The subregion step is as follows in detail:

1. the IP section 124.226.0.0～124.227.255.255 in area is divided into each segment according to the standard of [5000,8000], as shown in table 1:

The partition table of table 1.IP section 124.226.0.0～124.227.255.255

Sequence number	IP From	By IP	The IP quantity that this section comprises
				1	124.226.0.0	124.226.19.135	5000
2	124.226.19.136	124.226.39.15	5000
				3	124.226.39.16	…	5000
…	?	…	5000
				26	124.227.232.72	124.227.251.207	5000
27	124.227.251.208	124.227.255.255	1072

Can be seen that by table 1 according to the standard of [5000,8000], this IP section evenly has been divided into 26 segments, the IP quantity that each section comprises is 5000.Because the 27th section is had only 1072 IP, the standard number much smaller than 5000,1072+5000=6072, the maximum less than 8000 allows IP quantity.Therefore, finally this IP section has been divided into 26 sections, and preceding 25 all comprise 25 IP, last section, and namely the 26th section comprises 6072 IP.

2. the IP section of China of 124.220.0.0～124.240.191.155 is divided according to the standard of [20000,30000].Because the IP of the first step is included within this segment limit, therefore, in fact this IP section has been cut into two discontinuous IP sections by the first step, is 124.220.0.0～124.225.255.255 and 124.228.0.0～124.240.191.155.As shown in table 2:

The partition table of table 2.IP section 124.220.0.0～124.240.191.155

Can be seen that by table 2 finally this big IP section has been split into 62 segments, except the 20th section and the 62nd section, remaining each section comprises IP20000.And if these two special segments merge itself and a last section of closing on, just surpassed the constraint of maximum no more than 30000 IP, therefore, it is not merged, become two independently sections separately.

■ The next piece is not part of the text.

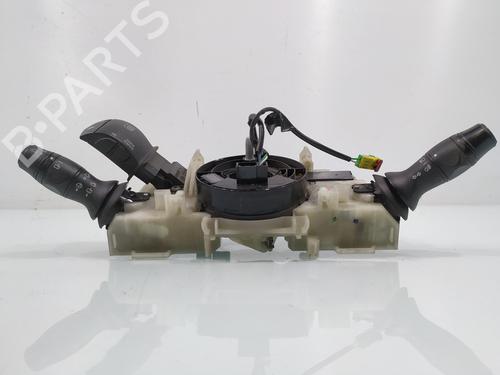 Headlight switch RENAULT MEGANE III Hatchback (BZ0/1_, B3_) 1.5 dCi (BZ1G, BZ1W, BZ0R) | BP31887824I24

3. the IP section in each different range is divided according to method of the present invention, 3841 subregions of final acquisition, each subregion or comprise 5000 IP of this area, maximum is no more than 8000, perhaps comprise 20000 domestic other regional IP, maximum is no more than 30000, perhaps comprises a complete external IP section, and quantity without limits.

Adopt subregion implementation method of the present invention, in the actual enforcement project of IP as the subregion key, final this table can logging data subregion reached 2135, the data coverage rate of subregion (being the number percent that the subregion number that has data accounts for the subregion sum) has brought up to present 55.6% by former 4.8%.And reach in 3,000 ten thousand in this table data volume, carrying out the time that 3,000 ten thousand batch data upgrades only needed about 20 minutes, created the time of table compared to existing technology, had shortened 33% at least, had improved speed.

Experiment showed, that technical scheme of the present invention can be implemented in the adaptive dynamic range division of Range subregion under the varying environment preferably, make each subregion that is distributed in tables of data of data balancing, optimize performance, storage organization and the query performance of data loading.

Above-mentioned its purpose of disclosed embodiment of the present invention is to help to understand content of the present invention and implement according to this.The present invention should not be limited to the disclosed content of this instructions most preferred embodiment, and the scope of protection of present invention is as the criterion with the scope that claims define.

Claims

1. method by adaptive Range subregion storage mass data, its step comprises:

1) obtain the various level range information of mass data, and definite level number n, n is the integer greater than 2;

2. the method for claim 1, it is characterized in that: in the step 1), the corresponding level of outermost span is 1, and the corresponding level of inferior outer field span is 2, and the rest may be inferred, the final span respective layer progression of using is n.

3. the method for claim 1, it is characterized in that: pi1 is not more than 150% of pi0.

4. the method for claim 1 is characterized in that: only subregion is carried out in the big area of number of levels, to obtain data balancing effect preferably.

5. the method for claim 1 is characterized in that: adopt the Ip address as the subregion key.